# cedar goldfish pond above ground



## kevin22 (May 12, 2010)

After I built my garden shed this summer, I decided to use the extra Cedar to build an above ground pond. Inspired by couple Internet posts and started framing


----------



## kevin22 (May 12, 2010)

the entire pond is built with cedar, bought pond liner, the pump and the filters from Amazon and the gold fish from Hawaiian Botanical


----------



## TomC (Apr 21, 2010)

Nice. It looks to be raccoon proof, too. My tub ponds just got raided by the little buggers. They got everything but a single minnow.


----------



## kevin22 (May 12, 2010)

Thx. The lid is removeable. Made by 2x4 cedar and chicken wire


----------



## rave93 (Dec 7, 2010)

i like the top fixture and how the pump outlet is via a bamboo shoot?


----------



## kevin22 (May 12, 2010)

thanks. I made the faucet out of two pieces of bamboos.
then run the 3/4" tube through them.


----------



## datfish (Sep 7, 2012)

Will the fish inside be able to handle a cold winter in an above ground pond?


----------



## kevin22 (May 12, 2010)

sure. I had goldfish in a wood barrel when I lived in a condo.
even the top water is frozen the fish will be fine.


----------



## Claudia (Apr 21, 2010)

U did an awesome job, looks really nice


----------



## Diztrbd1 (Apr 21, 2010)

Very nicely done indeed! Great job!


----------



## kevin22 (May 12, 2010)

thanks, Claudia


----------



## gmann (Mar 26, 2013)

i wish i was more of a handy man....

i miss my koi =(


----------



## kevin22 (May 12, 2010)

it's fairly easy to make, as long as you have the right tools.


----------



## gmann (Mar 26, 2013)

kevin22 said:


> it's fairly easy to make, as long as you have the right tools.

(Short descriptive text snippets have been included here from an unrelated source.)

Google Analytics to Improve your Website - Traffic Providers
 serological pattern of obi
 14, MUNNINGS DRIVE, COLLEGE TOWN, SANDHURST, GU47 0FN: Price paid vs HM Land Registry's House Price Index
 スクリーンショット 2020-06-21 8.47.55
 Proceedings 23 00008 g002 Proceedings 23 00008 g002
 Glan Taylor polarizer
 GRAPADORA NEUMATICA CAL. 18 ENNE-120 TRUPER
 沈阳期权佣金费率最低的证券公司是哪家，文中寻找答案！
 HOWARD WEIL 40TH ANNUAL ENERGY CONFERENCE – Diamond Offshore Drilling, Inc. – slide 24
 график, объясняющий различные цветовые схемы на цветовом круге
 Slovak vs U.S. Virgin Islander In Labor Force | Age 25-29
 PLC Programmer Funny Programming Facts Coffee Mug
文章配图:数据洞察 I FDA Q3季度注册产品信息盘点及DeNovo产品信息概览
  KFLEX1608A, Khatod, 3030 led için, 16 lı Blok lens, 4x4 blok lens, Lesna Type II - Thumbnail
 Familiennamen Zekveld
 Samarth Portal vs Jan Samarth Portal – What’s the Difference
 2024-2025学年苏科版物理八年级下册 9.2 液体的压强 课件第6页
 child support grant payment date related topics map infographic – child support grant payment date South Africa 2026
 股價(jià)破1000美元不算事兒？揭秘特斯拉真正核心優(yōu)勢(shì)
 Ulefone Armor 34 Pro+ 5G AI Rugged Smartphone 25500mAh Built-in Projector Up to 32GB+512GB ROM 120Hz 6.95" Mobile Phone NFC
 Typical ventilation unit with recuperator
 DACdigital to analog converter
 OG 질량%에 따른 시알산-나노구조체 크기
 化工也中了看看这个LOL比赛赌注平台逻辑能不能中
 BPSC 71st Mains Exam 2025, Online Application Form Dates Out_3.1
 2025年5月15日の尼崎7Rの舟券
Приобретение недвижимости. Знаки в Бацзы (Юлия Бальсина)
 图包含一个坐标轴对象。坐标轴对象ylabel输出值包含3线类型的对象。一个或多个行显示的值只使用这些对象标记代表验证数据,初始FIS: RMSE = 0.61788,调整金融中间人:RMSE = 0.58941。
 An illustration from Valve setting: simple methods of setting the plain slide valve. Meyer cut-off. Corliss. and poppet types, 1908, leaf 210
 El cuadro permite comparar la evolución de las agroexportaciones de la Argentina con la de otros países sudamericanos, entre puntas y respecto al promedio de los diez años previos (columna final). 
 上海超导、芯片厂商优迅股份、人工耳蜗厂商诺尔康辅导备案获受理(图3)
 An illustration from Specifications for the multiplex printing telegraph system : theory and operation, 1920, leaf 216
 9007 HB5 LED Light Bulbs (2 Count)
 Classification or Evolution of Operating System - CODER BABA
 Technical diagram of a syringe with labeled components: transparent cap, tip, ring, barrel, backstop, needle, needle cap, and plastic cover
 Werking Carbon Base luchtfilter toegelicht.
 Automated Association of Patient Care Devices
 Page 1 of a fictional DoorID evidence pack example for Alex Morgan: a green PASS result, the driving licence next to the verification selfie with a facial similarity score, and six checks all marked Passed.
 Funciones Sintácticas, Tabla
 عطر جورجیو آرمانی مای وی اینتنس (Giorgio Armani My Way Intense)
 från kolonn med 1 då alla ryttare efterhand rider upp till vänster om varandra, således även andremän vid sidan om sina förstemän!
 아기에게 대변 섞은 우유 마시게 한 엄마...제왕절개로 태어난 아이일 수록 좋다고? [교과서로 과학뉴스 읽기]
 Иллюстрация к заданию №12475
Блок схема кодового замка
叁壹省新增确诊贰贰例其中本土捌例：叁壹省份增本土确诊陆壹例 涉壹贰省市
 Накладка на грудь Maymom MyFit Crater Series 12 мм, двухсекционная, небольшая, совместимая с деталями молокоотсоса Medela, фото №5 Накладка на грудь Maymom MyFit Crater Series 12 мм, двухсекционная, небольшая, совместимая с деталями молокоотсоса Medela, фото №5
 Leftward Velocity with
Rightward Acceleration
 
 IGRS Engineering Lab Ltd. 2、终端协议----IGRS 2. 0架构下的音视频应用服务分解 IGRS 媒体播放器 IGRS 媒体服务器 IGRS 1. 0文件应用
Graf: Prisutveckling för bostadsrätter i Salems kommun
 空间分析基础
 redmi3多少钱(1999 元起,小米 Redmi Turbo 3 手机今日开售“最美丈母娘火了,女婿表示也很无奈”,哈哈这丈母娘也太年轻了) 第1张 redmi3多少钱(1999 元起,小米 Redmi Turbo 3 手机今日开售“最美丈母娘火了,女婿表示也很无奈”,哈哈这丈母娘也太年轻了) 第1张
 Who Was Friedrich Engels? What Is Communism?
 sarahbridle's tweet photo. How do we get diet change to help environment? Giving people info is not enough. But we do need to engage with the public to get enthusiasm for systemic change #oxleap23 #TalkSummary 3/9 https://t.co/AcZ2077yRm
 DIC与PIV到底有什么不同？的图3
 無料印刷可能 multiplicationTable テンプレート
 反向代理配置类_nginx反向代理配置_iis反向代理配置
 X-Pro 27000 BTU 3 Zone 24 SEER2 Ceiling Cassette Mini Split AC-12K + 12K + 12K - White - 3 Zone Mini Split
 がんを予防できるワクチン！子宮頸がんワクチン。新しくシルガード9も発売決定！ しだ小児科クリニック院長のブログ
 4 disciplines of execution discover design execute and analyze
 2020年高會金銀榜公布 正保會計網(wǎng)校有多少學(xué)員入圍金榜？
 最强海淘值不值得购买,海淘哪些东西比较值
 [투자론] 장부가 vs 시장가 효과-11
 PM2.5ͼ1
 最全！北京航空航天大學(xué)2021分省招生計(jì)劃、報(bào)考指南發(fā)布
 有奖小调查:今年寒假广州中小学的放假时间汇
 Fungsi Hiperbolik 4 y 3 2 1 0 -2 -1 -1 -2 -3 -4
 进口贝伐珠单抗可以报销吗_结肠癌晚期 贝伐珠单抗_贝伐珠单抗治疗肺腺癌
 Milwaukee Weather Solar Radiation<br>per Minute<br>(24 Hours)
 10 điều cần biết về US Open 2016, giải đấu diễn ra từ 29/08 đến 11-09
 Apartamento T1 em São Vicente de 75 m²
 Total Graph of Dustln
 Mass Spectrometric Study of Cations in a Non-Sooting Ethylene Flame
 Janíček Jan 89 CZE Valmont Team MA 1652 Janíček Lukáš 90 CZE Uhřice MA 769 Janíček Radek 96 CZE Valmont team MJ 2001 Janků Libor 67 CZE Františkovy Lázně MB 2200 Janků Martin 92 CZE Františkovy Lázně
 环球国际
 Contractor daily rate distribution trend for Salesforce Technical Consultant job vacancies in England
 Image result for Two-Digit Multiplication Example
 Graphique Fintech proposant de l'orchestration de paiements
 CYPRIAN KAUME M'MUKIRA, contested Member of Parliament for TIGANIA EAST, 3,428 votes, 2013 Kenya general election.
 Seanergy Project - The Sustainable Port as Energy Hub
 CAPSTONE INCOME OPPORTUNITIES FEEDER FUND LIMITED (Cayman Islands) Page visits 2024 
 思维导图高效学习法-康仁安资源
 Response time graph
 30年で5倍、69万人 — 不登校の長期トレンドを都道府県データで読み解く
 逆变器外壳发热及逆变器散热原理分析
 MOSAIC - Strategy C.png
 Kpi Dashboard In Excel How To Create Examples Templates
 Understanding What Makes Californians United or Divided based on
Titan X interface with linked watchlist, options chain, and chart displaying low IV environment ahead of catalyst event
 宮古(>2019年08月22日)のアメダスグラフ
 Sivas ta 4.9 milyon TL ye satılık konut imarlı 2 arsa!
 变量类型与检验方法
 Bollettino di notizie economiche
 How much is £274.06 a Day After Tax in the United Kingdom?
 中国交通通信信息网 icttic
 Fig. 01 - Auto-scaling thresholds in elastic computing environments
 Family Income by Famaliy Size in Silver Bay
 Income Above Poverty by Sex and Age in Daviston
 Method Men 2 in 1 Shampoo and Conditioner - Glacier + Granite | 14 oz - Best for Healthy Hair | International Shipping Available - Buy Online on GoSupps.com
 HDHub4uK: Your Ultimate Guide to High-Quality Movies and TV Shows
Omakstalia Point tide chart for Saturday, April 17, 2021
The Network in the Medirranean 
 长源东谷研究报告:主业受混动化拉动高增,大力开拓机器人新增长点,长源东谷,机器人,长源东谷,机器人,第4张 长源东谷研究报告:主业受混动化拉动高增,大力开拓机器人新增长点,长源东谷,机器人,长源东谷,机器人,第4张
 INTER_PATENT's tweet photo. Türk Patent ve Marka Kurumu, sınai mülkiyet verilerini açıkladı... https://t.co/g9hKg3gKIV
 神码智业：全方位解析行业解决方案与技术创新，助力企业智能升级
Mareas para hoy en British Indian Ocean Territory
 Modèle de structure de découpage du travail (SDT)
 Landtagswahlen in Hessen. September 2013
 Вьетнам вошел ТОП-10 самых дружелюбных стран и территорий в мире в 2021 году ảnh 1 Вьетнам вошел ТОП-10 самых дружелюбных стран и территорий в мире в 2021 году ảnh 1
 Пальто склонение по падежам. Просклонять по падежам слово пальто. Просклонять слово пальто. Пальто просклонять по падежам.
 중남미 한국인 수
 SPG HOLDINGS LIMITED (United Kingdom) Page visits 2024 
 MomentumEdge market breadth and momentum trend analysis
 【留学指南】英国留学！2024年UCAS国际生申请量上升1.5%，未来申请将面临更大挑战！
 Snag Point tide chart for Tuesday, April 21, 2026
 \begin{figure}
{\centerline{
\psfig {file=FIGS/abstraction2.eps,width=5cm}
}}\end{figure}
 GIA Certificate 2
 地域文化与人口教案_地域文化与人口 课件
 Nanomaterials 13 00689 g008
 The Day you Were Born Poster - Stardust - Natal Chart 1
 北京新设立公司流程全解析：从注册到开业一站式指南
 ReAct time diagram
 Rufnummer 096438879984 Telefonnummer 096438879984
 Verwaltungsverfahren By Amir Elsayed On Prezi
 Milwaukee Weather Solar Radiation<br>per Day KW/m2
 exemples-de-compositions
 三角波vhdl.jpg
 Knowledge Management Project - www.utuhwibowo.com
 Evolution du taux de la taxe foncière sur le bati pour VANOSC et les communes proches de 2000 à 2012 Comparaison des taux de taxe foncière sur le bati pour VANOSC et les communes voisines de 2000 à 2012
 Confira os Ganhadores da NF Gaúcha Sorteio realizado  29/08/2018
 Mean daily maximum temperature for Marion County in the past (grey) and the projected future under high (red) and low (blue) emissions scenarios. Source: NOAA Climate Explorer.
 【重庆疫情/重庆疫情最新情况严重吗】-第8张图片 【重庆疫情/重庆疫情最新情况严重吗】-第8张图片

lol nopes, dont even have a screw driver haha


----------



## jbyoung00008 (May 16, 2011)

Great job! I wanted to build one exactly like that but decided I have enough tanks. It would fit perfect in my small back yard. What are you going to keep in it? What are you using for a filter?


----------



## kevin22 (May 12, 2010)

thanks, it's a goldfish pond.
I have two pre filter boxes in front of the underwater pump.
very simple and cheap setup.


----------



## King-eL (Apr 21, 2010)

Very nice pond. Seen it in person you gave me the free golden goldfish.


----------



## kevin22 (May 12, 2010)

King-eL said:


> Very nice pond. Seen it in person you gave me the free golden goldfish.


thanks, glad you liked it.
is the fish doing ok?
Kevin


----------



## King-eL (Apr 21, 2010)

kevin22 said:


> thanks, glad you liked it.
> is the fish doing ok?
> Kevin


Fish grew about an inch. Currently keeping in a subtropical temp to boost it appetite to grow.


----------



## kevin22 (May 12, 2010)

good to hear. he wasn't doing well in the pond at all.


----------